1. You can reflate the economy by targeted infrastructure/stimulus  program that employs a bunch of people to rebuild our universities, roads , parks/stadiums and schools for example. But it is useless using the procurement process or the civil service. You need that money in the economy hard and fast- into local sub-contractors. Launch an office called Nigeria Works- out of Aso Rock under a special bill. Deliver the much needed jolt the economy needs. Unfortunately if it were May last year you probably will get a bunch of wads from the debt market but that market is probably closed now due to monetary missteps of the last one year led by the CBN governor you guys have somehow retained . Recommended size of rebuild is 5 trillion naira over 24 months. Use bonds to pay contractors- see what FDR did and copy-paste

2. You can reflate the economy by stop focusing on oil and gas and the impact of reduced price or production. Nigeria is more than oil and be more upbeat promoting the promise of the country. Promote technology investments and manufacturing especially (in designated FTZs/Industrial Parks with constant power guaranteed). Please fire the ComTech minister for good measure , and let's stop mismanaging the sector . There is an idea to use school uniforms alone to revive the textile industries long abandoned and employ tailors. Just do it...stop talking about it.

3. You can reflate the economy by doing the hard job of restructuring the public service and also some divesting from NNPC to bring some private sector sanity to that place. NNPC especially can be used to reflate the stock market which has a lot of impact on private sector mentality. It can be listed/spurn as 4-5 companies organized by business units or 3 integrated companies organized by area around the refineries .

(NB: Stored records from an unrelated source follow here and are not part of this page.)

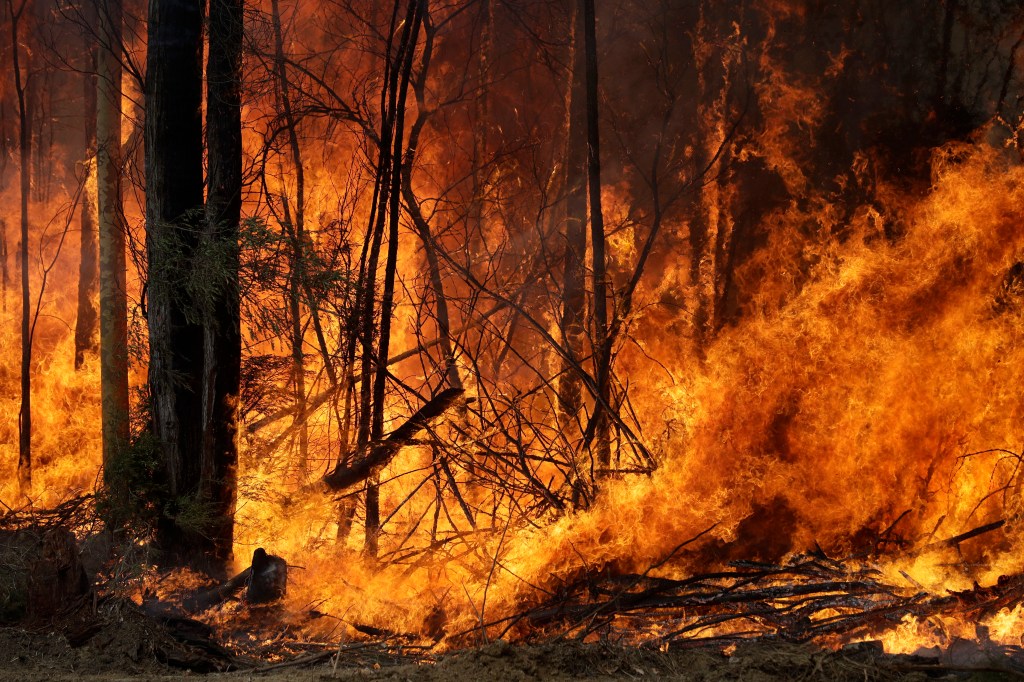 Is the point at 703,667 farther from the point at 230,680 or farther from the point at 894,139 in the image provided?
the point at 894,139

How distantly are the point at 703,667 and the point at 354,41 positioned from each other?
18.7ft

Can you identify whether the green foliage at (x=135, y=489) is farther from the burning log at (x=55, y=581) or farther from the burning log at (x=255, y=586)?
the burning log at (x=55, y=581)

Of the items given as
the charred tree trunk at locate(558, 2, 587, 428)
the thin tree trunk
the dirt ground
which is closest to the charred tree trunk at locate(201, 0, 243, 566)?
the dirt ground

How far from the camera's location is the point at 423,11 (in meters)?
7.22

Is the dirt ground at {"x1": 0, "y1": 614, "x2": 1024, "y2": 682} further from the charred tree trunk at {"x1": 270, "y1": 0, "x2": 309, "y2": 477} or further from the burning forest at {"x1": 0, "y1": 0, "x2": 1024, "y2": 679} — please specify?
the charred tree trunk at {"x1": 270, "y1": 0, "x2": 309, "y2": 477}

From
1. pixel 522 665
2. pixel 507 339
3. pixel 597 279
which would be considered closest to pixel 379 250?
pixel 507 339

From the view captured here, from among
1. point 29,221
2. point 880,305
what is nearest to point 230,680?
point 880,305

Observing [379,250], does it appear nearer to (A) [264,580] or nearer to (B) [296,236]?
(B) [296,236]

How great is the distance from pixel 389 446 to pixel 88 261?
4346mm

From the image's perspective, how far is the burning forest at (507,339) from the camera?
5.33m

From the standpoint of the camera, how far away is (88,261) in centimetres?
883

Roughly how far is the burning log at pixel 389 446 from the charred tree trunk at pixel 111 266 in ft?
6.67

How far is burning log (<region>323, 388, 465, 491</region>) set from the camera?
659 centimetres

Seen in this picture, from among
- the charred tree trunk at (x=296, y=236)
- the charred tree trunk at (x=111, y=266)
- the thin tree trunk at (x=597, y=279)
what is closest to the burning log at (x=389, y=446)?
the charred tree trunk at (x=296, y=236) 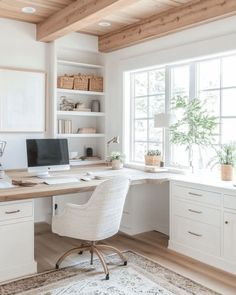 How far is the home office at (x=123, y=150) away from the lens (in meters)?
3.05

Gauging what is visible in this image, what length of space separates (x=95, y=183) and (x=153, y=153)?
1221mm

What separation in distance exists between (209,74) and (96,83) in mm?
1706

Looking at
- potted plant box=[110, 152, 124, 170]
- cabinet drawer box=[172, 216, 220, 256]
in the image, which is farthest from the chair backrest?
potted plant box=[110, 152, 124, 170]

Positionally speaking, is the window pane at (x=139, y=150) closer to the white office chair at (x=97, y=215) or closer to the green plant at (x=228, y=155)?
the green plant at (x=228, y=155)

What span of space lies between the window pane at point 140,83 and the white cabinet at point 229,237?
2180 millimetres

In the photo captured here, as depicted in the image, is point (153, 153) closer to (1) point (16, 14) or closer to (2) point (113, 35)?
(2) point (113, 35)

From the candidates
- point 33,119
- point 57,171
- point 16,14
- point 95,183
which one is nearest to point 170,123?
point 95,183

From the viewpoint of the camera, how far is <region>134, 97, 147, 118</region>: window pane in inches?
187

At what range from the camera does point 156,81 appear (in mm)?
4551

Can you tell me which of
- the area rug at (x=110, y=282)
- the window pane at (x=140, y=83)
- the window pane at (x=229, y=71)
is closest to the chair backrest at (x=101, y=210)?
the area rug at (x=110, y=282)

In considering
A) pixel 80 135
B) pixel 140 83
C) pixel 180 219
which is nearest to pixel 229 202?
pixel 180 219

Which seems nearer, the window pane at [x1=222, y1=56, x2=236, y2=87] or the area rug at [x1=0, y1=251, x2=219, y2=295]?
the area rug at [x1=0, y1=251, x2=219, y2=295]

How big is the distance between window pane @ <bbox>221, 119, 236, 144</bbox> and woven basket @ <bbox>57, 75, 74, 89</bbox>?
6.91 ft

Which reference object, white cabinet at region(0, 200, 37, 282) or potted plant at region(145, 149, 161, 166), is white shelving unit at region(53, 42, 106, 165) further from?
white cabinet at region(0, 200, 37, 282) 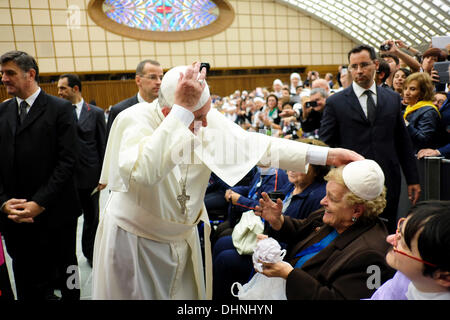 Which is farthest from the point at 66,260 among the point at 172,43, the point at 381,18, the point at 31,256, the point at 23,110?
the point at 381,18

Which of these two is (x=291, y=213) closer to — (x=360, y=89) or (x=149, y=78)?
(x=360, y=89)

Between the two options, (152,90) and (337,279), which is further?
(152,90)

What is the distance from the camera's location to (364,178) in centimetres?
167

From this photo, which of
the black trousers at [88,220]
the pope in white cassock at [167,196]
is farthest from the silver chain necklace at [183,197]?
the black trousers at [88,220]

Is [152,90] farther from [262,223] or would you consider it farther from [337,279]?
[337,279]

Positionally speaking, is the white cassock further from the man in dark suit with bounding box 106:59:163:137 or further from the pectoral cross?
the man in dark suit with bounding box 106:59:163:137

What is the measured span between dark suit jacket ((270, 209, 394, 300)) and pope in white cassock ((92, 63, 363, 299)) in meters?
0.38

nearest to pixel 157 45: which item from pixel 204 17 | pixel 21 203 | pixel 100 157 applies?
pixel 204 17

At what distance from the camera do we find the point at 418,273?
1.07m

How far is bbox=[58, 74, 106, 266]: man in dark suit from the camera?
12.3ft

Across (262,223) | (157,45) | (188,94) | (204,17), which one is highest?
(204,17)

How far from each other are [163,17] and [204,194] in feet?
75.7

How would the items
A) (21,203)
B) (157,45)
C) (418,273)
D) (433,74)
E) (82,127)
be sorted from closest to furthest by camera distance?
(418,273) → (21,203) → (433,74) → (82,127) → (157,45) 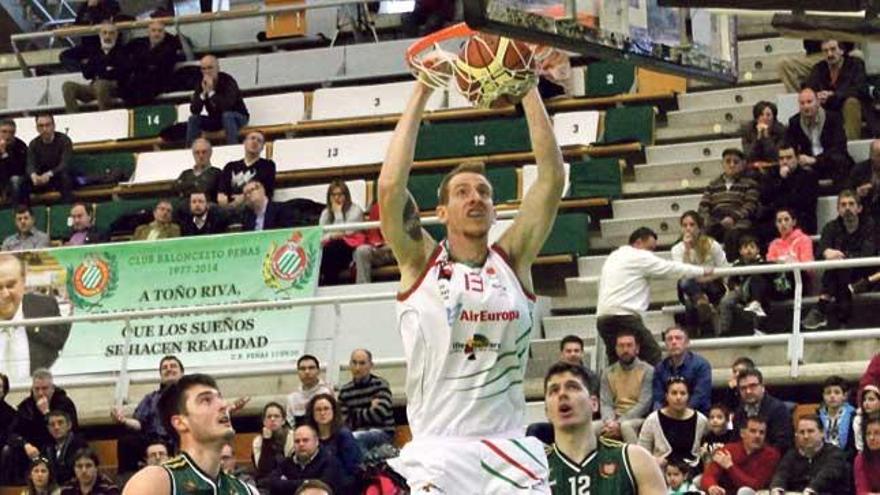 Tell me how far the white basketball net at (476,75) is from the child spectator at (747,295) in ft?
27.0

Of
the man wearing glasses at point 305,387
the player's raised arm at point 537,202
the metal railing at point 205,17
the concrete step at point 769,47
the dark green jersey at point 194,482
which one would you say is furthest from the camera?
the metal railing at point 205,17

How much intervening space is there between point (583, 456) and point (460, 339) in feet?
4.29

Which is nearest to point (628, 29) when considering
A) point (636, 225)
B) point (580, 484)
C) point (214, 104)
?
point (580, 484)

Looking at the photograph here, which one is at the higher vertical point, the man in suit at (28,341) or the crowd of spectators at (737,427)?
the man in suit at (28,341)

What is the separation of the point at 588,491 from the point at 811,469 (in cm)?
514

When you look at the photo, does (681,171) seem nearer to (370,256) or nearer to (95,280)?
(370,256)

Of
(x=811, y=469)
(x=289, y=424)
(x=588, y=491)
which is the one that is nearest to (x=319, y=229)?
(x=289, y=424)

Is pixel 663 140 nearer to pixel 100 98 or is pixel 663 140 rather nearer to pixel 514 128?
pixel 514 128

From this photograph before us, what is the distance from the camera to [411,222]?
26.5 feet

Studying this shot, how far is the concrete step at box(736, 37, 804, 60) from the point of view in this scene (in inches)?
826

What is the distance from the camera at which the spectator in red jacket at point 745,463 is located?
1384 centimetres

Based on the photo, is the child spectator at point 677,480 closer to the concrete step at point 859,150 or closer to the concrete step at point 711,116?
the concrete step at point 859,150

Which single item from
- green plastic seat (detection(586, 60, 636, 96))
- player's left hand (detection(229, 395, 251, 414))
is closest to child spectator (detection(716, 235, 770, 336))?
player's left hand (detection(229, 395, 251, 414))

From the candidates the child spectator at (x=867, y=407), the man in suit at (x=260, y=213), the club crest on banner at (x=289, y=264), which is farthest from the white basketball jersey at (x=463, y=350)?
the man in suit at (x=260, y=213) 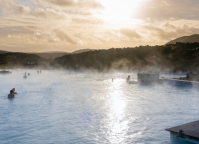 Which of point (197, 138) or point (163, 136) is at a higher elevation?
point (197, 138)

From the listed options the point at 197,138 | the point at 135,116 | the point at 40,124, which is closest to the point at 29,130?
the point at 40,124

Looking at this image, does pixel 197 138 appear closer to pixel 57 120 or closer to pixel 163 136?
pixel 163 136

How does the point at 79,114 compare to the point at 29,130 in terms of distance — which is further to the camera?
the point at 79,114

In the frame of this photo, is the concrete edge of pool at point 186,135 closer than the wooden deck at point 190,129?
Yes

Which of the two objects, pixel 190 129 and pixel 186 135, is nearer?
pixel 186 135

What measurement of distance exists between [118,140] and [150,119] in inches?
312

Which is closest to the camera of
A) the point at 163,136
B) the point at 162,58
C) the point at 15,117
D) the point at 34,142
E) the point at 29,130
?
the point at 34,142

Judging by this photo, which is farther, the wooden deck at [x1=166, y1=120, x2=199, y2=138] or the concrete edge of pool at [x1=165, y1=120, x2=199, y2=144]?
the wooden deck at [x1=166, y1=120, x2=199, y2=138]

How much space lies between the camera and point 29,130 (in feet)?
68.0

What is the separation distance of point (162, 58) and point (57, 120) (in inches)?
7159

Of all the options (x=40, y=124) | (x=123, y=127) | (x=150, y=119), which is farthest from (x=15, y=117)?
(x=150, y=119)

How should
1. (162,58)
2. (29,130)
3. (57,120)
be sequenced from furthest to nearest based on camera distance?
(162,58) → (57,120) → (29,130)

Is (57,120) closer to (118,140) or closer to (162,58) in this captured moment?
(118,140)

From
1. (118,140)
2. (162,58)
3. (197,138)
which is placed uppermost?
(162,58)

4. Send trapped TSA back to designated top tier banks, who should be allowed to lend a portion of TSA gross deposit with them (30%) through a special small business administration (SBA) type mechanism at concessionary rats of 5%. Track the 5-7 banks so used and enforce the pushing of these funds to people that need them for business. Promote active lending and good practice that partners the banks as well. So may be give 75% of the loan from TSA backing, while the bank uses 25% of its own money. For good measure, have banks tender for the opportunity to participate and thus gain TSA business.


5. Keep pushing on power, it will take time but it is worth it. But be aware of structural defects of the privatization reforms under the prior administration. It may be time for NERC to force consolidation of GENCOs and DISCOs (eliminating the NEBT bottleneck) even as it should look at allowing GenCOs to supply their DisCOs directly instead of going through the grid i.e. break the grid up.

In any case, keep pushing- keep trying. You asked for the job, you got it.